É incrível, mas parece que os defensores dessas medidas não estão se dando conta da situação. A ONU, por meio dos seus órgãos especializados, tem feito anúncios preocupantes. Um terço da superfície da Terra já sofre com problemas ligados à desertificação, afetando 1 bilhão de pessoas e 20% da produção mundial de alimentos; o mundo está perdendo 200 km² de florestas por dia, valor correspondente a 20 estádios do Maracanã; até 2010, mais de 50 milhões de pessoas serão consideradas refugiadas devido a problemas ambientais nas regiões onde vivem. Isso sem falar na aceleração do aquecimento global, que coloca para toda a humanidade o desafio de repensar seus padrões de produção e consumo para evitar um colapso planetário já anunciado pelas mudanças climáticas.

Parece também que perderam a sensibilidade para reconhecer as marcas da imprevidência ambiental em tragédias como a de Santa Catarina. Enquanto assistíamos ao desastre que levou tantas vidas e desestruturou outras de modo tão avassalador, tomávamos conhecimento de outra manifestação do mesmo equívoco: a Assembléia Legislativa de Santa Catarina concluía o texto do Código Ambiental estadual, nele inserindo, como resultado da pressão de setores econômicos, medidas tais como a drástica redução das áreas de preservação permanente ao longo de rios, a desconsideração de áreas declivosas, topos de morro e nascentes como áreas protegidas, assim como dos campos de altitude, onde se dá a recarga de aqüíferos. Ou seja, forjam-se as catástrofes do futuro, que certamente serão chamadas de desastres ambientais quando, na verdade, na sua origem está o desastre político, a recusa em levar a sério os alertas que a natureza nos dá, de maneira cada vez mais dura.

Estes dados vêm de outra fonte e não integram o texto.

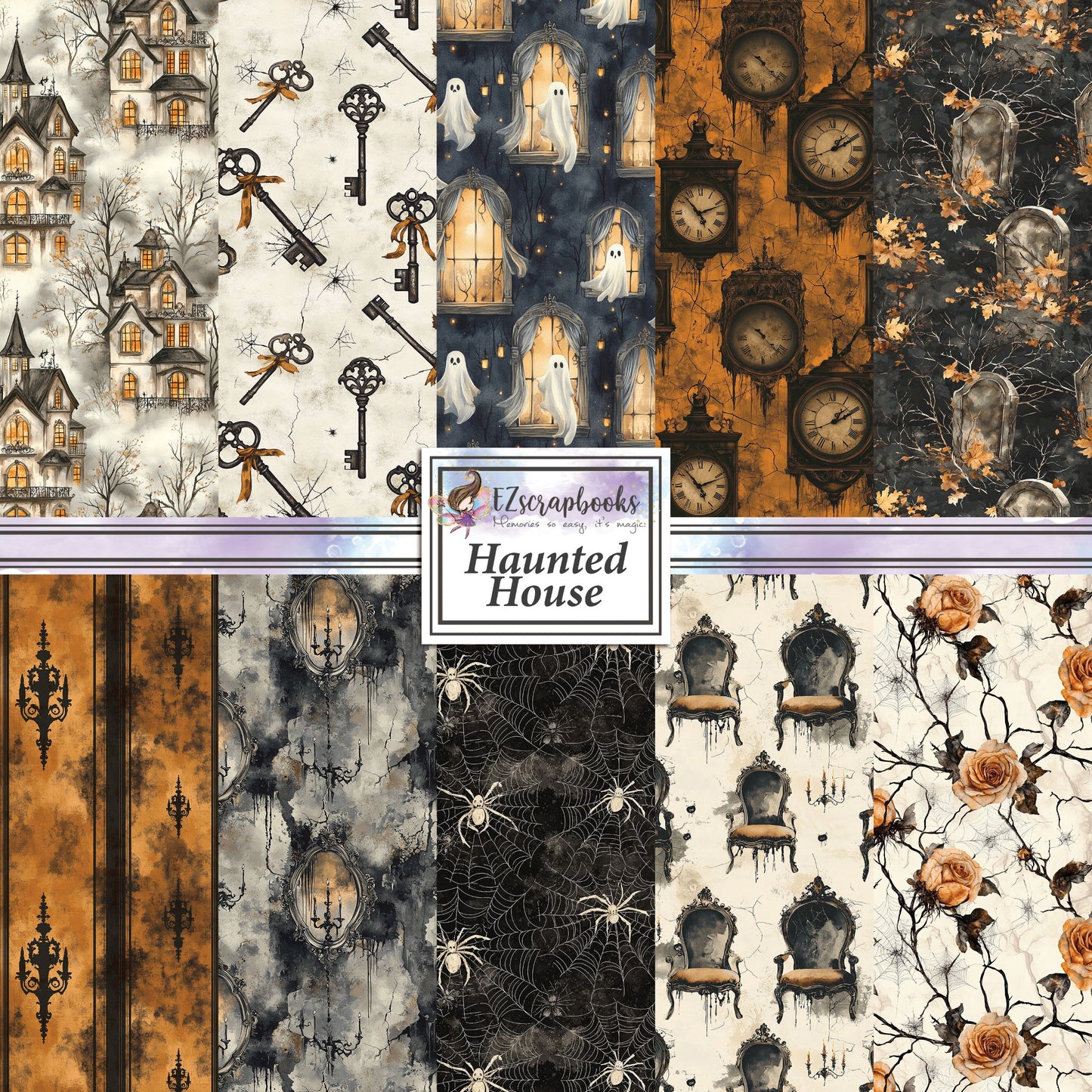 Haunted House - 12X12 Scrapbook Paper Pack - 25-8218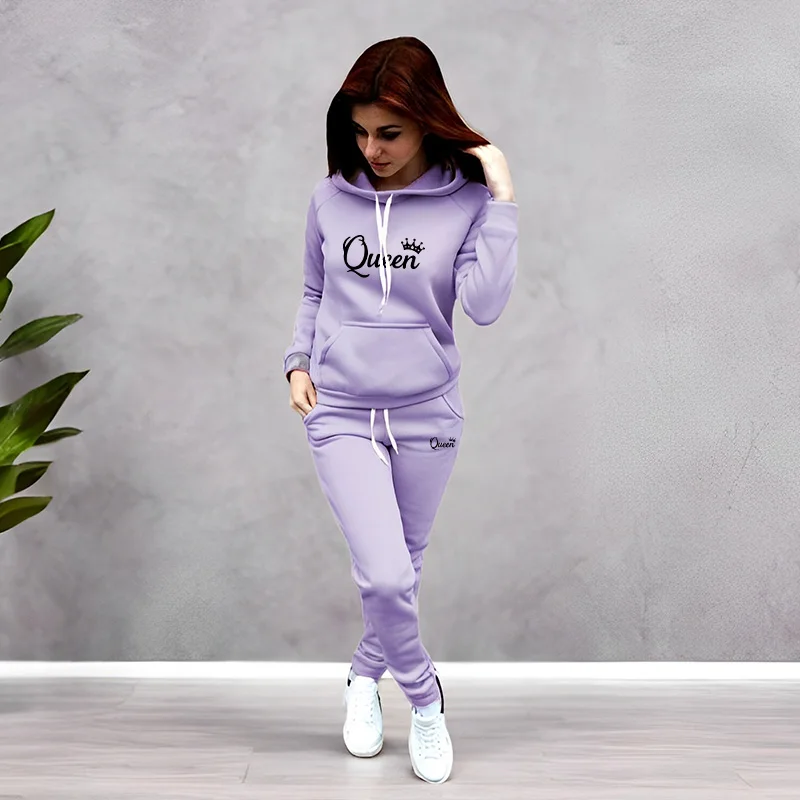 Women'S Fashion Sweatshirts - Damen-Trainingsanzug mit Queen-Schriftzug-Druck, Kapuzenpullover-Set, Hochwertige Jogging-Outfits,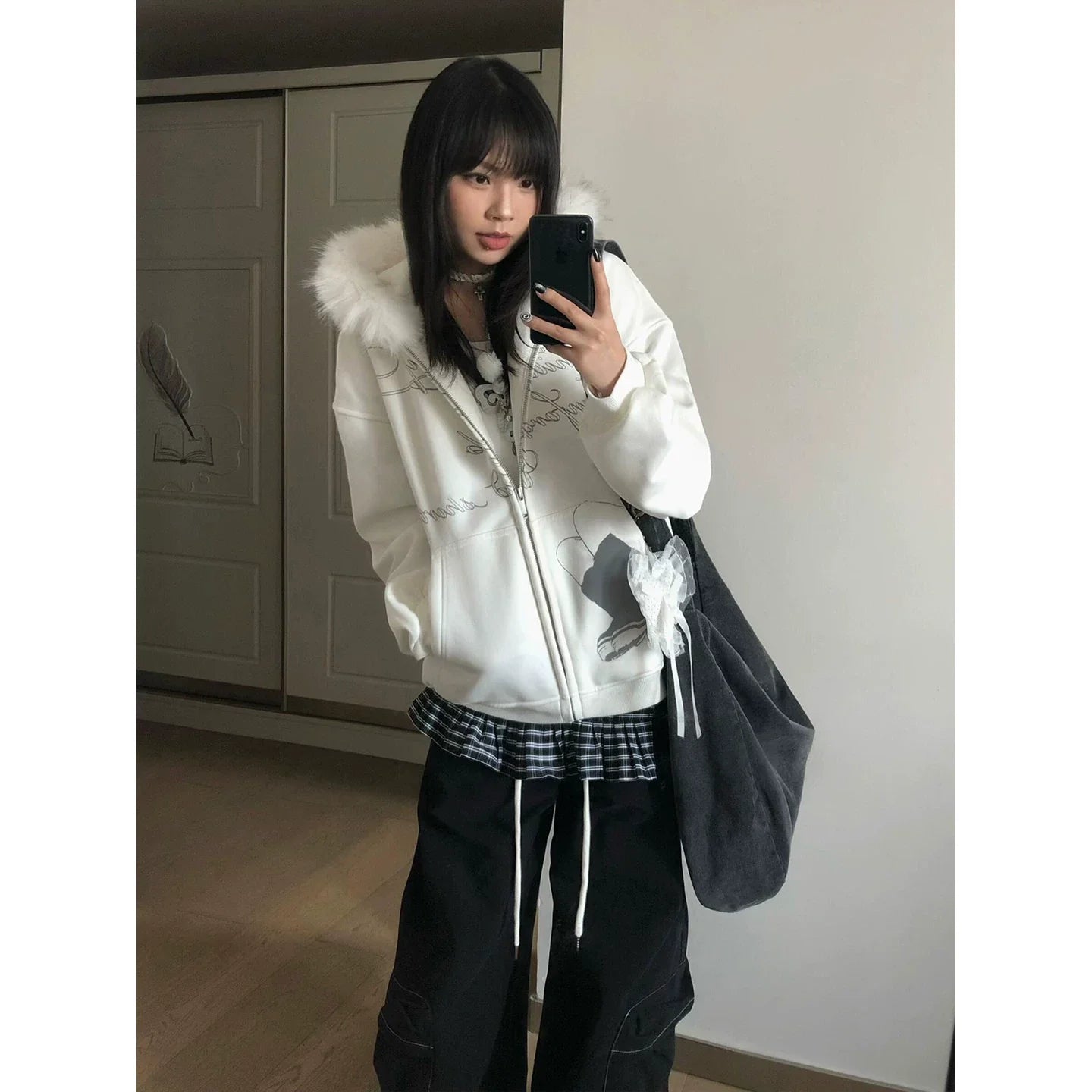 Y2K Faux Fur Collar Hoodie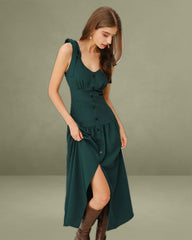 Green Ruched A-Line Sleeveless Maxi Dress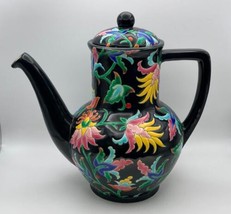 EMAUX DE LONGWY French Enamel Floral Coffee Pot with Lid - £470.72 GBP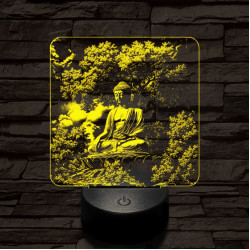 Buddha nyugalom 7 színű, színváltós, valósághű 3D led lámpa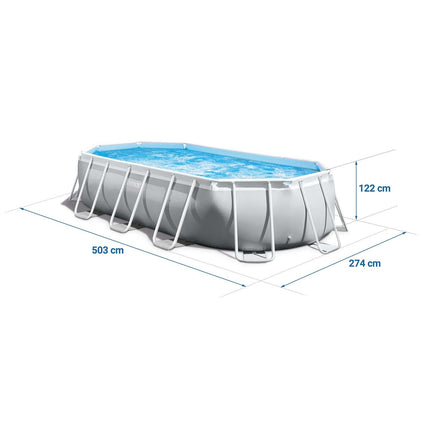 Rammehavepool 503 x 274 x 122 cm - Komplet sæt med tilbehør til sjov og sikker svømning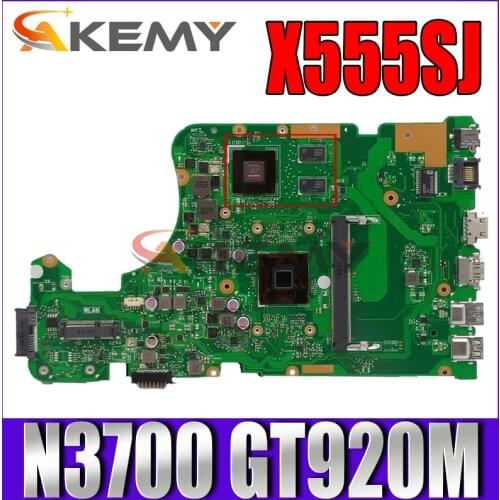 Akemy X555SJ Laptop motherboard for ASUS X555SJ original mainboard N3700 GT920M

O mais contraditório, no caso das tentativas de mudar o Código Florestal, é que elas acontecem dentro do mesmo governo que têm avançado em planos (Mudanças Climáticas, Combate ao Desmatamento, Amazônia Sustentável) destinados a alinhar o País ao compasso do futuro. À conferência da ONU sobre Mudança do Clima, que se realiza na Polônia, o Brasil acertadamente levou sua decisão de assumir metas de redução do desmatamento, desempenhando papel importante, pelo exemplo, no destravamento das negociações internacionais.

Enquanto isso, aqui se propõe mais desmatamento na floresta amazônica. As ONGs que participavam de um Grupo de Trabalho informal entre os ministérios da Agricultura, do Meio Ambiente e a Frente Parlamentar Ruralista, decidiram afastar-se das discussões, em resposta à proposta apresentada pelo ministro da Agricultura. Classificaram-na de verdadeira bomba-relógio para fomentar novas situações como a de Santa Catarina, ao legalizar e incentivar a ocupação de áreas ambientalmente vulneráveis. Consideram impossível negociar com um ministério que se preocupa em anistiar particulares inadimplentes, em detrimento do interesse público.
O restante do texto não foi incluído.